外国人とはやっぱり笑いのツボが違うな〜と思ったシーン。


まず、主人公が、ランチ時によく隣り合わせるOLに会釈した時、OLが怪訝な顔をしたシーン。

会場はどっ。と笑いが。


私としては、日本で知らないトイレ清掃員のおじさんと、たとえ何回鉢合わせても、急に会釈されたら、コワッとかキモッと反射的に思ってしまうと思うので、OLの反応に共感すらすれど、笑うとこではない・・・


でも一緒に行ったスウェーデン人からすると、あんなに丁寧に会釈してるのに何で変な顔するの〜と笑ってました。

スウェーデン人は他人に優しいですからね、、電車で知らない人と喋る人もよく見るし、、



そして、主人公が大切にしているカセットを後輩に売られそうになって、無言で手を出してうなづいて、返して。という意思表示をしたシーン。

会場、爆笑。


私からするとあれは結構真剣に、返して、っていう意志表示だったと思うので、笑うとこじゃないでしょ〜と思いました。

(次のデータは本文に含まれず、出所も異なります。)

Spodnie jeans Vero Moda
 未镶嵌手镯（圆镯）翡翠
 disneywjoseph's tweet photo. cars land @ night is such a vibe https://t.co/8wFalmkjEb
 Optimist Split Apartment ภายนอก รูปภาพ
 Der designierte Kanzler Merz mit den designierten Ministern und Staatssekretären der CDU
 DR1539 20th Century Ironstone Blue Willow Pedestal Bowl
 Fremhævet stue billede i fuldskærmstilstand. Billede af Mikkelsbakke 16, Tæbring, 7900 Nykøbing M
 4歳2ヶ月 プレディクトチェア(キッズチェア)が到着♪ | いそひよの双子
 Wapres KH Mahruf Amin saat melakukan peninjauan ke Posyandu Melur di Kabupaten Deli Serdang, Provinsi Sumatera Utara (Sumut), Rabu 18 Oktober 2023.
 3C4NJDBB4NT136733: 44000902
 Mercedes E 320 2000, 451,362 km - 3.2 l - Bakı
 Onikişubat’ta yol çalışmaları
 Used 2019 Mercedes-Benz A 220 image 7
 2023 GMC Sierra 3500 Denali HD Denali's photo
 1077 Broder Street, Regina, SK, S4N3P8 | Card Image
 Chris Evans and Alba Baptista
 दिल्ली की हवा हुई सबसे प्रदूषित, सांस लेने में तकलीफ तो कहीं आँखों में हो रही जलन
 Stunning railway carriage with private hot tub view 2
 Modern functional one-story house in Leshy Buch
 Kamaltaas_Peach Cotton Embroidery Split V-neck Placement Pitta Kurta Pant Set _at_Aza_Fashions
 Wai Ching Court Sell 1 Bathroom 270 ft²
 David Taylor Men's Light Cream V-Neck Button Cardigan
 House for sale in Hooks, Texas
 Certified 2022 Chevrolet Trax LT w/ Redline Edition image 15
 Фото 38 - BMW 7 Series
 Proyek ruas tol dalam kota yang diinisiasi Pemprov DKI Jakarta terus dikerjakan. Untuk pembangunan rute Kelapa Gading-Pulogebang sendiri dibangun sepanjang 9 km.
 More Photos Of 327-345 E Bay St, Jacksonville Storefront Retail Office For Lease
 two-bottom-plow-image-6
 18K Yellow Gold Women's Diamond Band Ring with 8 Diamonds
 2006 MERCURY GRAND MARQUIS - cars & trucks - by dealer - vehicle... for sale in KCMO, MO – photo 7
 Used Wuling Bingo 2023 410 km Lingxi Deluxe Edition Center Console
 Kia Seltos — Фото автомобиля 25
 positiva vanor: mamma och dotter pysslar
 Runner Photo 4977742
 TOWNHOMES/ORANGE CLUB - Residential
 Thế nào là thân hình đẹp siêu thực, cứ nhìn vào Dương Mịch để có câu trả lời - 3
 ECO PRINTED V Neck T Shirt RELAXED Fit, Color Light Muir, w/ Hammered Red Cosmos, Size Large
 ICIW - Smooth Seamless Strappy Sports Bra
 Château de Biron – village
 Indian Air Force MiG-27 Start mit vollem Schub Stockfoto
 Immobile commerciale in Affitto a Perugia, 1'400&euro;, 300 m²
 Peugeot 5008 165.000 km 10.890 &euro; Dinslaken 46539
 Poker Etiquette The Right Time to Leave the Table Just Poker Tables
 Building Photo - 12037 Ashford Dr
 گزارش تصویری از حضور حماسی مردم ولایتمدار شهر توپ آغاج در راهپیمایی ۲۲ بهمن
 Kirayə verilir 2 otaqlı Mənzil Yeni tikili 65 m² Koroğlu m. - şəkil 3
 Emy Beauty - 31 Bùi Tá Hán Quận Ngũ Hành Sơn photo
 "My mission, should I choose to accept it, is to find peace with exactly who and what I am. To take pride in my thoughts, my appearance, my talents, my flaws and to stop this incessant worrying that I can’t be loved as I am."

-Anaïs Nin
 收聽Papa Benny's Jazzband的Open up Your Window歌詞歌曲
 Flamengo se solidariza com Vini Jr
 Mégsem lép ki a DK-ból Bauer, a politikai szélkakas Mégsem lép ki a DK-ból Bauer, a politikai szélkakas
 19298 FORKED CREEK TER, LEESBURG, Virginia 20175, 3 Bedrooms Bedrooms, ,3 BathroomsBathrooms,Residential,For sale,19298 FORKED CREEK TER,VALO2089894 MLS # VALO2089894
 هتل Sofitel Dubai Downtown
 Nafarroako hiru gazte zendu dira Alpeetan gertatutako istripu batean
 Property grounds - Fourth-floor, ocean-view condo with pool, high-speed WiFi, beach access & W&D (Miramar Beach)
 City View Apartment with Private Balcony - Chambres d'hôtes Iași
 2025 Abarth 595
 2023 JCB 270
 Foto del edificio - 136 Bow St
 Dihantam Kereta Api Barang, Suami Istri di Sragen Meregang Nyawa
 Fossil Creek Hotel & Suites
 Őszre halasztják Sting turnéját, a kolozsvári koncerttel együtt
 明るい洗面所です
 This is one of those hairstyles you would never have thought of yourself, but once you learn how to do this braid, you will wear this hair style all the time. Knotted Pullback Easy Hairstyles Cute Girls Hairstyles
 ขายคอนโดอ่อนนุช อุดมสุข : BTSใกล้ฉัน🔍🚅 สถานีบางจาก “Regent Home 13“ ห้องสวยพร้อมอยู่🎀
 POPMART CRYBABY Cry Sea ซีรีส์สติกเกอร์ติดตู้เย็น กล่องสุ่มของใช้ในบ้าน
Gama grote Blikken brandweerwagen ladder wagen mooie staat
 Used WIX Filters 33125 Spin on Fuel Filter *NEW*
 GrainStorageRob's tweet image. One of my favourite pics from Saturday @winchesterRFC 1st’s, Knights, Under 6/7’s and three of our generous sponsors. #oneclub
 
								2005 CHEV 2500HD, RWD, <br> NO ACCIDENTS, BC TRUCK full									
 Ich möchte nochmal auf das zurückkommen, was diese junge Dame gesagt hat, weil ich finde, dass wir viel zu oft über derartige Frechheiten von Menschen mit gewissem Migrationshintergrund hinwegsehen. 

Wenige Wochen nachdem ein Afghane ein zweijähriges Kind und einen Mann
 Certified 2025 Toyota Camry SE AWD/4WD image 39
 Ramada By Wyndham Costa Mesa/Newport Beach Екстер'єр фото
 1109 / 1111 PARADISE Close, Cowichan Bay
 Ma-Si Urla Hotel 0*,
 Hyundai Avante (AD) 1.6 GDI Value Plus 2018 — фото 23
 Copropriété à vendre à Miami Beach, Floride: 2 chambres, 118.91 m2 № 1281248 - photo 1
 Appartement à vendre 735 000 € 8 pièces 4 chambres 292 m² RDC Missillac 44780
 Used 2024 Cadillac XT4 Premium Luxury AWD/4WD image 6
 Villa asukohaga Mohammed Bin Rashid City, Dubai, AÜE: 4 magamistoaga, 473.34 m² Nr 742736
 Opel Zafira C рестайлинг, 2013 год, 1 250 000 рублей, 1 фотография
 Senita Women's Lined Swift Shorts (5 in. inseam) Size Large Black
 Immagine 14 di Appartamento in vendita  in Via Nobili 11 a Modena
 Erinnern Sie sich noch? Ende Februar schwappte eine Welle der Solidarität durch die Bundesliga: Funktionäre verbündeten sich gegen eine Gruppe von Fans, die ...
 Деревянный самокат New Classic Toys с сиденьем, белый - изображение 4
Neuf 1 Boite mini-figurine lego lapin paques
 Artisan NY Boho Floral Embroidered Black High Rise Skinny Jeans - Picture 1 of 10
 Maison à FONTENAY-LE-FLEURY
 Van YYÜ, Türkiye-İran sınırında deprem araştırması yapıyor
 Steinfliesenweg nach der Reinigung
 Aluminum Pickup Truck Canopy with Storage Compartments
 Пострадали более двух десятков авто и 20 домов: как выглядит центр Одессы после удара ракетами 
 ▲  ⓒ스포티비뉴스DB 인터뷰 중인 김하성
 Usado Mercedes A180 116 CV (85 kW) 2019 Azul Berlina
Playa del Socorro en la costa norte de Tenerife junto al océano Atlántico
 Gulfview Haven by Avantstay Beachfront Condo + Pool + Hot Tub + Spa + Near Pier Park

沈黙とか無言の受け取り方がきっと違うんだろうな〜と思いました。



他にも、え、そこ笑うとこ?と思うとこで笑いが起きていました。。。



あと、映画を見終わったあとに、一緒に観たスウェーデン人に、


この映画ってぶっちゃけ細かいニュアンスを楽しむ、日本人向けの映画だと思うんだけど、あんなに多くのスウェーデン人が観に来てたからびっくりした。と言ったら、


細かいニュアンスは分からないけど、大筋のストーリーは楽しめる。

と言っていて、なんというか、やっぱ感覚違うな〜と思ったのでした。



日本に本格帰国したらまた観て、感じ方の違いを見てみたいなと思った映画でした。